Pierwsza Miss Grace powstała dwa lata temu. I wpadłam jak śliwka w kompot. Zakochałam się w tym wzorze. Zapowiadając kolejną wersję miałam już zamówione motki włóczki. Czekałam na dostawę. ☺ Czasu miałam wiele. Przynajmniej tak mi się wydawało. Chusta jest prezentem urodzinowym dla A., która ma urodziny za kilka dni.
No tak, włoczka zamówiona w listopadzie, a chustę zaczęłam pod koniec lutego i na rzęsach musiałam stać, by zdążyć zamknąć ostatnie oczko. Nie znoszę dziergać pod presją czasu. Lubię gdy mam pewien zapas czasu. Udzierg jest jak wino, musi leżakować. No może nie tyle co ten cudowny trunek, ale kilkudniowy zapas czasu wskazany.
Z A. znamy się latek kilka.
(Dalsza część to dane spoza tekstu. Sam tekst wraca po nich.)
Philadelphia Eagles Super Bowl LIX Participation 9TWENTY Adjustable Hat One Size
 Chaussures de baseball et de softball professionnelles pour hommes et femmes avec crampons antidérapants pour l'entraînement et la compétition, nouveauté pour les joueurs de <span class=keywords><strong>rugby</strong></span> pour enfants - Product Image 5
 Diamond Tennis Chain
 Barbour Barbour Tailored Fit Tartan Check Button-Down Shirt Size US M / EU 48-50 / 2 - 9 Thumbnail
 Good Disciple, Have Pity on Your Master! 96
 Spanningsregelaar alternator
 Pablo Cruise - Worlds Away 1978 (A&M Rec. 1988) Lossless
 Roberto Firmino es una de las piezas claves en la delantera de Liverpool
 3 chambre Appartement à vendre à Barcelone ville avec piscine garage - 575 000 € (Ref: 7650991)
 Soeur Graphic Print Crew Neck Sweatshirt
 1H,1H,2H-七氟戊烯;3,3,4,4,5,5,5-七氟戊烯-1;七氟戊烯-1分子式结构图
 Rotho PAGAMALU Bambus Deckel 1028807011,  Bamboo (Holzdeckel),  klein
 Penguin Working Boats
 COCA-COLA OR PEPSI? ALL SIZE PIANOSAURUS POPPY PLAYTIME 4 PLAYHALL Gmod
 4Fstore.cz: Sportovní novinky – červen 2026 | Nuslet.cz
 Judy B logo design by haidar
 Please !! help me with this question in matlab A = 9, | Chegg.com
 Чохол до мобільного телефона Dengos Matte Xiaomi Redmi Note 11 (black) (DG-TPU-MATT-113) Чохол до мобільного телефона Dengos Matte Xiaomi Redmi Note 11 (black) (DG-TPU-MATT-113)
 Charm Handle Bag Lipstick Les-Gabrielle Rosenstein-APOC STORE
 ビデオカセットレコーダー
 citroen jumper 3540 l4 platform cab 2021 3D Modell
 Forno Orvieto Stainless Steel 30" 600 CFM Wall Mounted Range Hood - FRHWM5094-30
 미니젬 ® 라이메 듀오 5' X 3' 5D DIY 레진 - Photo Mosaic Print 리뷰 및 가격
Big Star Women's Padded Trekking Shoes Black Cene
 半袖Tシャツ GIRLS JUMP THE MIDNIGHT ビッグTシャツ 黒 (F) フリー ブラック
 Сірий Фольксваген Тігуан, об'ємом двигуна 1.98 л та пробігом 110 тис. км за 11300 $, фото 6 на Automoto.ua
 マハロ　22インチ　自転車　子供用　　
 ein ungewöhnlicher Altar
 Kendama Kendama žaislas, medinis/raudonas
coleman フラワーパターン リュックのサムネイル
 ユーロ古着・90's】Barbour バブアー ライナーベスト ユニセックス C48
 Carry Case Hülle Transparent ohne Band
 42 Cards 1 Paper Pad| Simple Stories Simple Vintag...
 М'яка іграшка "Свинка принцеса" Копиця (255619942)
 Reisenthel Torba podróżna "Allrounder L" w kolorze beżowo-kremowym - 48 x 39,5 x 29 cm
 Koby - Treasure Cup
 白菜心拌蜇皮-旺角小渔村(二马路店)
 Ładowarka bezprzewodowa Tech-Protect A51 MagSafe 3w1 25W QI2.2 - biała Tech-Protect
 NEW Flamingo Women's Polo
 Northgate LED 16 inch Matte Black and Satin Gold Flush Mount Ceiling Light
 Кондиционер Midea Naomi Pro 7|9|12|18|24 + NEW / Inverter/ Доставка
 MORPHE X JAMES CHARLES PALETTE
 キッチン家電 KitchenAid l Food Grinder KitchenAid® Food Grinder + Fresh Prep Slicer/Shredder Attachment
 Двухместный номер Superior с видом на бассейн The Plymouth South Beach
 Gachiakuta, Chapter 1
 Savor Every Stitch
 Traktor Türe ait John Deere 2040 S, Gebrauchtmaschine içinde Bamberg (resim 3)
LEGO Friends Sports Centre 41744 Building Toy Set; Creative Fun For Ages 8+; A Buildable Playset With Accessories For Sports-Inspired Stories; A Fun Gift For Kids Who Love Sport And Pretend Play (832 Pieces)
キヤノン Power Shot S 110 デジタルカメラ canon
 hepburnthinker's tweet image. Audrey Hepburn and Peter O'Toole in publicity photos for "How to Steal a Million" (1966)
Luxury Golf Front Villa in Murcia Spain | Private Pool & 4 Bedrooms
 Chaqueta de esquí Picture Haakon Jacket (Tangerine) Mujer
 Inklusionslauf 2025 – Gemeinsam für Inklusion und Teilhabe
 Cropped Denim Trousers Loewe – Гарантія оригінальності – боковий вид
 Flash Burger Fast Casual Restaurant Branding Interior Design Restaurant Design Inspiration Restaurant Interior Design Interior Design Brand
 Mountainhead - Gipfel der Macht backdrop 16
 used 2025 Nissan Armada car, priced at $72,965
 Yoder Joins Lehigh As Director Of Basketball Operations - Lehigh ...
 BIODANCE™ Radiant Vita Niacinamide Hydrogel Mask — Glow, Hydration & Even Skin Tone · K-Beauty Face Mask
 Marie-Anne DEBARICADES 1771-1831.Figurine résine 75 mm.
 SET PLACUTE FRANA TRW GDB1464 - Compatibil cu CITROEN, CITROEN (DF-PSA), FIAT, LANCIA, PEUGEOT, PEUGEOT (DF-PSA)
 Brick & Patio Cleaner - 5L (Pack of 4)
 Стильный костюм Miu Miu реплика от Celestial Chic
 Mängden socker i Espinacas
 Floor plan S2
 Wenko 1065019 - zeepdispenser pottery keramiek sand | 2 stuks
Wybór kolorów nie był najtrudniejszy, choć nadal pewna nie jestem co do połączenia tych kolorów. Chyba moja awersja do pomarańczowego wygrywa.
Czas pomyśleć o kolejnej chuście. Ptaszyna czy Miss Grace? Hmmmm....☺
Pozdrawiam K :-)
Piękna Miss, będzie cudownym prezentem :o)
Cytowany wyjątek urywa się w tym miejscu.